Executive summary
School age and adolescence (5‒19 years) is a critical phase of growth and development, with significant implications for current and future generations. During humanitarian emergencies, these age groups, especially girls, are nutritionally vulnerable due to increased requirements and preexisting deficits. They face heightened risks of violence, early pregnancy, and disruptions to health and education services. Emergencies can lead to various forms of malnutrition, including micronutrient deficiencies, thinness/wasting, or overweight. These issues can have lifelong and intergenerational consequences. Data on malnutrition prevalence among school-age children and adolescents in humanitarian settings are scarce, particularly for boys and younger children. Some conflict-affected areas lack data entirely. There are no Sustainable Development Goals (SDGs) specifically addressing school-age nutrition, and we lack established indicators to assess malnutrition and its consequences in this age group.

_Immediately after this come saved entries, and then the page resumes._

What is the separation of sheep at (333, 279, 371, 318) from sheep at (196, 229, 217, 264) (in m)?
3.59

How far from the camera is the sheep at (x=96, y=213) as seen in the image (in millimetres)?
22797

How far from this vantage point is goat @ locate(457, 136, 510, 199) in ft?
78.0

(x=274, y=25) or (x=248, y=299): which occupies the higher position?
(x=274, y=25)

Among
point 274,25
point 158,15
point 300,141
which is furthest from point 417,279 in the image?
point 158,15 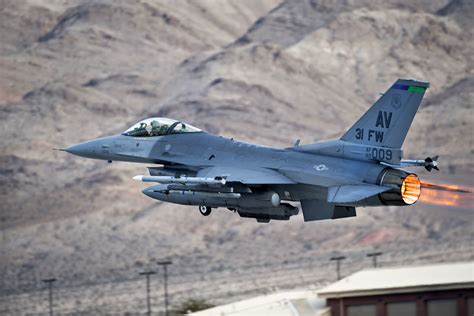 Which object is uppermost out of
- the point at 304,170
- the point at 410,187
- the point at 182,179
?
the point at 304,170

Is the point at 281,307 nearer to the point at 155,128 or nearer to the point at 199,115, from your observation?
the point at 155,128

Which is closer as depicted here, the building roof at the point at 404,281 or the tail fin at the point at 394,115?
the tail fin at the point at 394,115

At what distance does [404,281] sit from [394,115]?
17185 millimetres

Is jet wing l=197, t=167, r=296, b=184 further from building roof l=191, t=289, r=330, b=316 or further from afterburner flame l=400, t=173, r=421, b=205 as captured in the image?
building roof l=191, t=289, r=330, b=316

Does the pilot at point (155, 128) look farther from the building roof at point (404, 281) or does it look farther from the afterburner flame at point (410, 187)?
the building roof at point (404, 281)

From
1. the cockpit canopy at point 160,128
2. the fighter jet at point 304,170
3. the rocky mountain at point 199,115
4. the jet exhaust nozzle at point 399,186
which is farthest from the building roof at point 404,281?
the rocky mountain at point 199,115

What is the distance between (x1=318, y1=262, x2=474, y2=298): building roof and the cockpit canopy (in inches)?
531

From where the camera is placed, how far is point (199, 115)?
109938mm

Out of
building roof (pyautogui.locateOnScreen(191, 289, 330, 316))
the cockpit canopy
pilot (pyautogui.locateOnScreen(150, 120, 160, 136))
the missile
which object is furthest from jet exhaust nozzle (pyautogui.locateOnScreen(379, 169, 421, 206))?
building roof (pyautogui.locateOnScreen(191, 289, 330, 316))

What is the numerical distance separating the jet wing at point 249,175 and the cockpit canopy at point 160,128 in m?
2.48

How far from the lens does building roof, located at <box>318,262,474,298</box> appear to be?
5672cm

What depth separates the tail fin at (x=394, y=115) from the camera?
138 feet

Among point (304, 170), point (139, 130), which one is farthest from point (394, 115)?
point (139, 130)

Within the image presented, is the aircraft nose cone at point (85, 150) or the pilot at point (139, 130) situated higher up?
the pilot at point (139, 130)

While there are several evidence gaps on nutrition programming for this age group, there remains an urgent immediate need for interim practical guidance to inform relevant nutrition programming in humanitarian contexts. This report summarises existing policies, programmes, and evidence on nutrition, health, and wellbeing in children and adolescents aged 5‒19 years in humanitarian contexts. Evidence and experiences were gathered through the following: (1) a scoping of peerreviewed journal articles, grey literature, and policy documents; and (2) key informant interviews with relevant practitioners (the United Nations Children’s Fund (UNICEF), the World Food Programme (WFP), Save the Children, Médecins Sans Frontières (MSF), Action Against Hunger (ACF), Johns Hopkins, and the Centers for Disease Control and Prevention). We then used the information to create comprehensive practical recommendations to support the development of programming guidance in the future.

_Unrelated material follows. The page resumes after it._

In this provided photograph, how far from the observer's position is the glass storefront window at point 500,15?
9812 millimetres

Key existing global policies and guidelines
In the main report, we signpost readers to many international guidelines. In particular, we highlight the following:
• The UNICEF Core Commitments for Children in Humanitarian Action (CCCs) cover the needs of school-age children and adolescents under the health and nutrition sections.
• Programming guidance from UNICEF (2024) on ‘Protecting the nutrition of women and adolescent girls in humanitarian settings’ has a strong focus on pregnant and breastfeeding adolescent girls.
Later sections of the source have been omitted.